# Military Yukon M1950 Wood Stove Installation Questions



## FFTitus (Mar 22, 2014)

Good morning fellow wood burning ladies and gents,
       I thought I would sign up after following this site for a long time and start posting & answering questions here officially. 

      I have recently purchased after doing research a mobile military yukon M1950 wood stove. Mine was made in 1990 I think, I'll double check that when I get home. I absolutely LOVE it. The amount of BTU is claims to put out, to how light weight and compact it is. 

      I am looking to install one in my basement, through my small window in the corner. I have been reading how I would need to install the proper fire rated insert to replace the window, then the chimney. 

I am basically looking to install this during the cold months for the basement then remove it and when I go camping, have the ability to take it with me for outdoor use, then reinstall in the winter again.

 The chimney I have a few questions about. I've already spoke with the town and I am legally allowed to do it myself. The length of the chimney is what I am questioning. Since it is coming from the basement, would I need to run it the entire length of the home then over the roof X amount of feet?  Or can I do like what I have at work? I've included a photo of that setup now. That exhaust is from our pellet stove.

Here are a few photos of the stove, then a few generic photos or video to give you an idea of what it looks like. I will post photos & a video of where I am wanting to install it in the basement when I get off shift. 

Thank you all for taking the time to read this & have a great day!


----------



## begreen (Mar 22, 2014)

Welcome. Pellet stove chimney rules are completely different from wood stove chimney requirements. There are no shortcuts allowed. The class A, stainless chimney will need to have proper clearances, a tee at the bottom with a proper thimble for where it enters the house. The top of the chimney must be 2 ft taller than the nearest structure within 10 ft. Usually this is the roof. Inside, the stove will need to have 36" clearance from combustibles in all directions (unless there is an NFPA 211 wall shield) and a hearth that is 18" wider than the stove in all directions. The connecting stove pipe will need to be at least 18" from all combustibles if it is single-wall pipe.


----------



## FFTitus (Mar 22, 2014)

Thank you for the reply, so chances are then that this won't work. If I am going to be adding that length of chimney pipe, then something more permanent would make more sense would you agree?


----------



## begreen (Mar 22, 2014)

Unlike a camp setup the chimney on a house is infrastructure.  It has to be safe, even with a chimney fire. Your plan can work as long as there is a safe chimney in the house to connect to. That said, the Yukon was not designed for 24/7 heating, year after year. If the goal is to heat the house and not have just an occasional basement warming fire then yes, a stove designed to do this would be a much better bet. The last thing you want is for a weld to fail or a door to fall off the stove when it is out of sight in the basement with a raging fire in its belly.


----------



## FFTitus (Mar 22, 2014)

The basement is unfinished, with concrete walls and a floor. The window is located near the bulkhead, so I'm expecting some heat loss there. 

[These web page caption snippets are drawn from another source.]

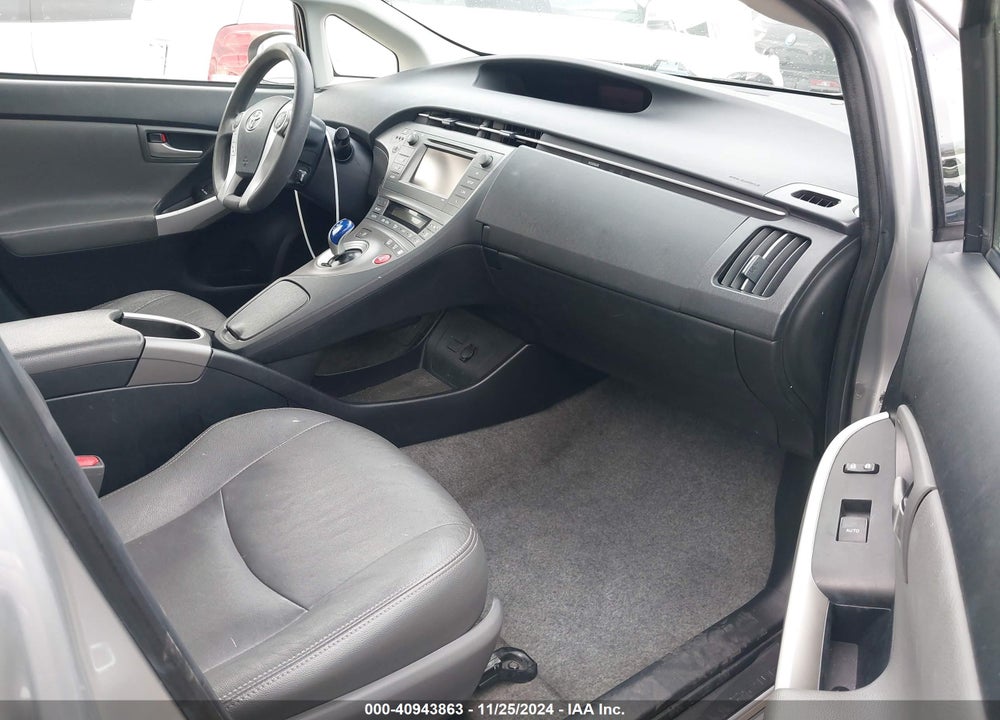 2015 TOYOTA PRIUS TWO VIN: JTDKN3DU3F0458259
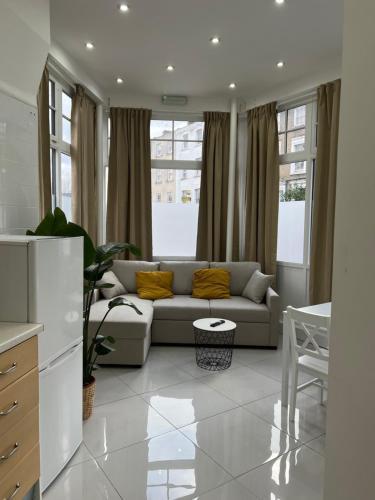Stylish Flat in Camden/KingsCross - Tap to explore photos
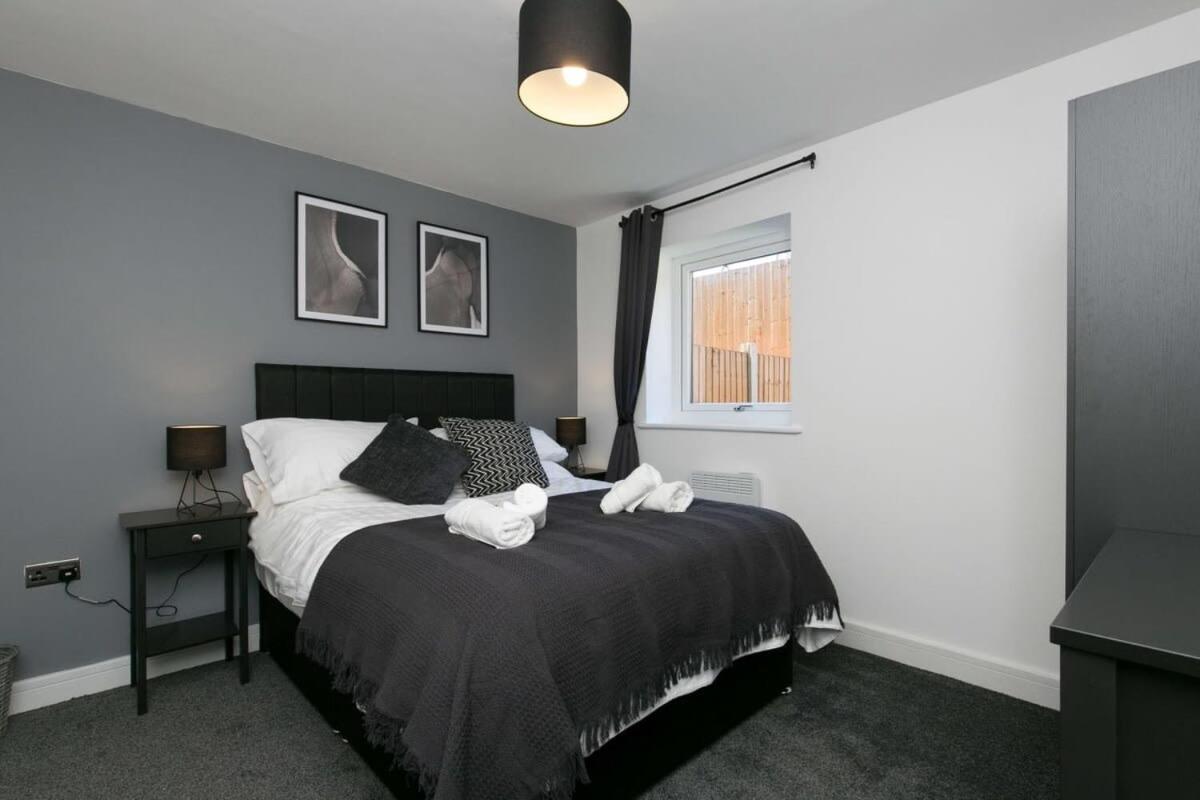 Stunning 2 Bedroom Apartment In Wallasey Buitenkant foto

The idea came from dealing with the cold winters and having no place to work on projects. I'll keep this stove mobile then and use it out doors for camping, etc.

I can really see having the stove in the basement help heat the home and continue to use it throughout the winter. We recently replaced our oil furnace & that was not cheap to say the least. 

The new stove itself, there are so many out there, it's mind numbing. How would you choose the right one for you? The local scrap yard for example has 20 to choose from. On Cl there's over 200. I assume by BTUs right?


----------



## begreen (Mar 22, 2014)

I would choose a stove based on firebox size and the area size to be heated. If this is an unfinished, uninsulated basement understand that fully one third of the heat generated will head right outdoors to the earth. That means one cord out of three is wasted. If you are buying a used, pre-EPA stove even more wood will be wasted in inefficient heat going up the chimney. An EPA stove will be more efficient and use less wood. For this reason a lot of folks opt for a new Englander or Drolet stove. They are under $1000 and are good workhorses.

Take your time, ask questions and read up all you can so that your purchase is a wise one. Also, budget for the chimney, it could cost much more than the stove depending on how tall it will end up being. This article can help you get started:

https://www.hearth.com/econtent/index.php/articles/choosing_a_wood_stove
https://www.hearth.com/econtent/index.php/articles/choosing_and_using_wstove
http://www.woodheat.org/wood-appliances.html

If you can post a picture of the approximate location for the stove that shows the wall and bulkhead we can comment on feasibility.

PS: If you don't have a good stash of wood already split, stacked and drying, that is a major priority. Stoves burn way better with dry wood and chimneys stay much cleaner.


----------